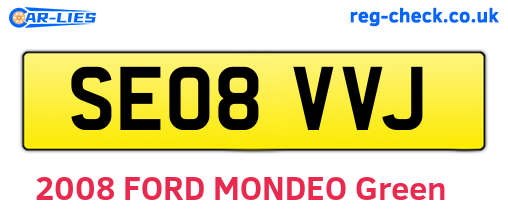 SE08VVJ are the vehicle registration plates.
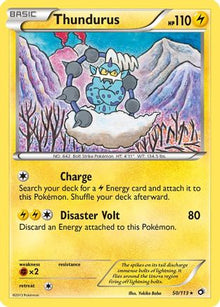 Thundurus - Legendary Treasures #50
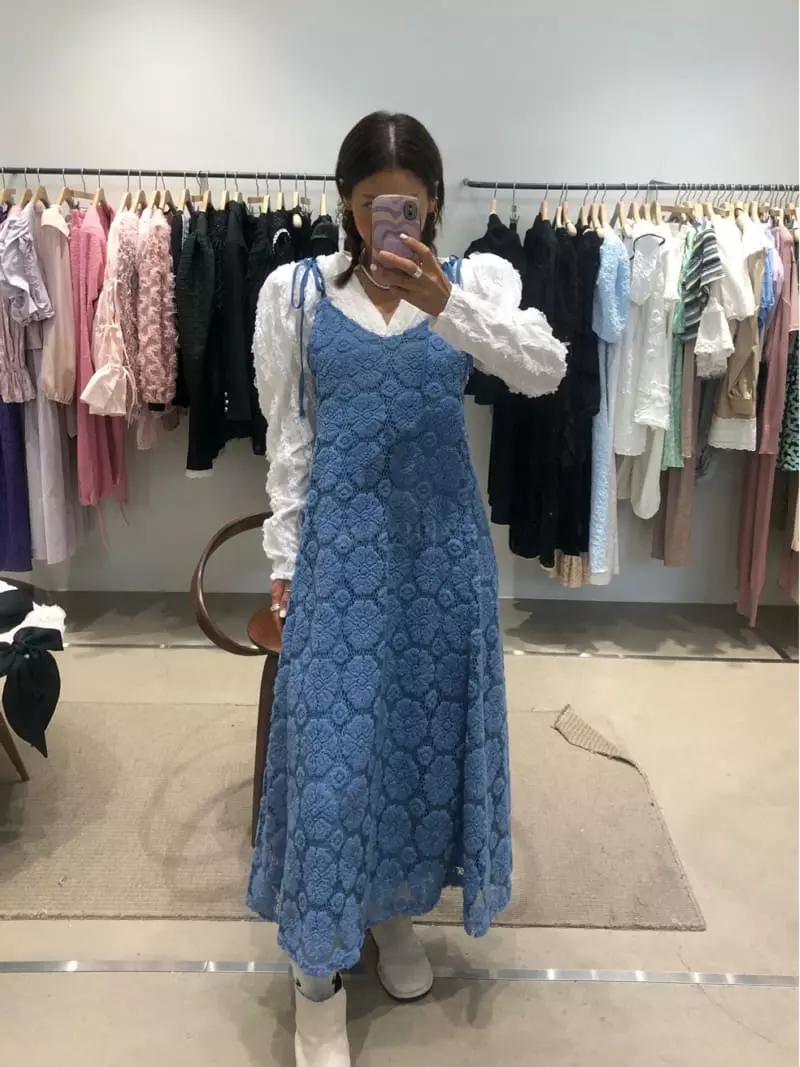Melted - Korean Women Fashion - #momslook - Rose One-piece - 3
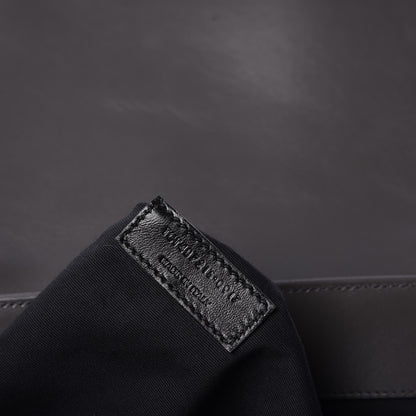 Saint Laurent Calfskin Y Quilted Monogram Large Loulou Chain Satchel Asphalt 7 of 7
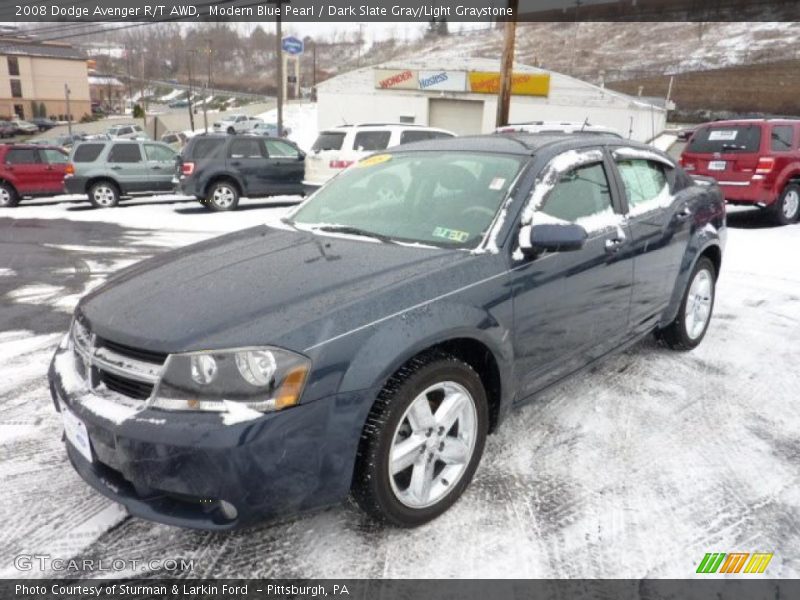 Modern Blue Pearl / Dark Slate Gray/Light Graystone 2008 Dodge Avenger R/T AWD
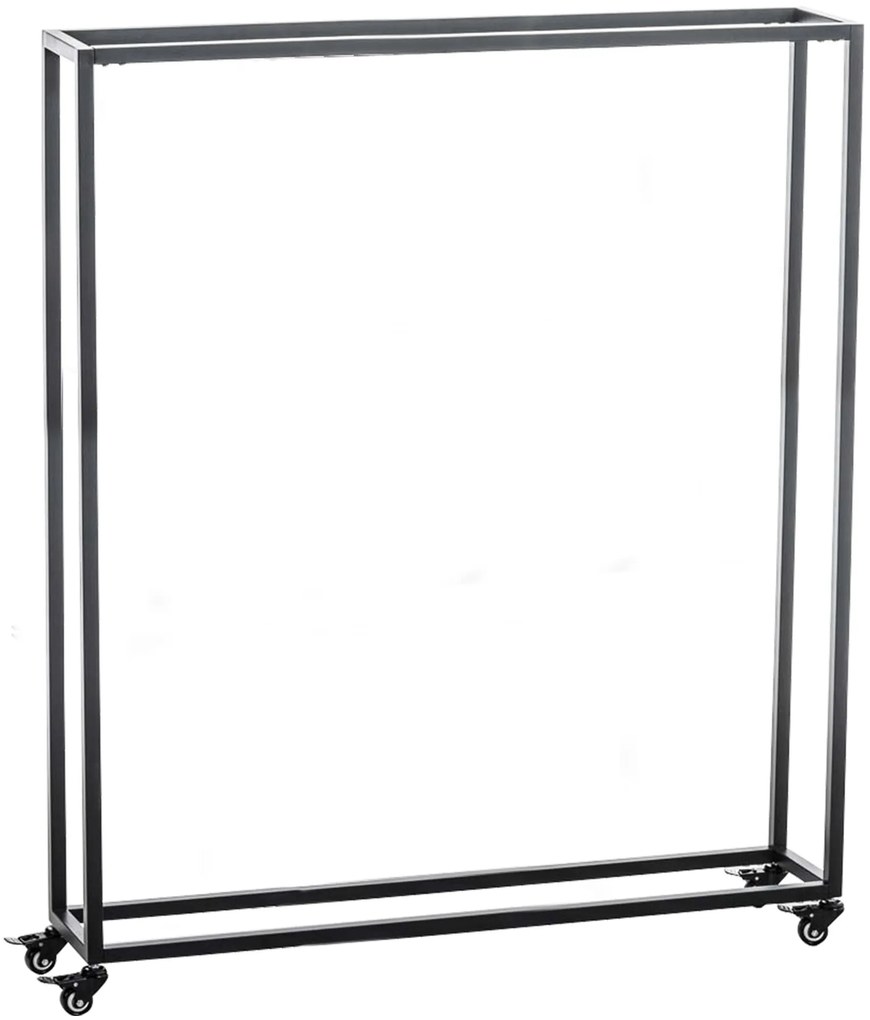 Stojan na drevo Hetta 25x100x150 cm, čierna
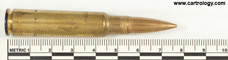 7.5 x 55mm Schmidt-Rubin AP  Switzerland TB 4 T 45 profile view.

• • • • •

ABOUT THIS EXERCISE - Every line from the start of the listing above through the line with "Stojan na drevo Hetta 25x100x150 cm, čierna" should be repeated exactly; skip the pictures and add nothing else.

SOLUTION TO THIS TASK -
 SE08VVJ are the vehicle registration plates.
 Thundurus - Legendary Treasures #50
Melted - Korean Women Fashion - #momslook - Rose One-piece - 3
 Saint Laurent Calfskin Y Quilted Monogram Large Loulou Chain Satchel Asphalt 7 of 7
 Modern Blue Pearl / Dark Slate Gray/Light Graystone 2008 Dodge Avenger R/T AWD
 Stojan na drevo Hetta 25x100x150 cm, čierna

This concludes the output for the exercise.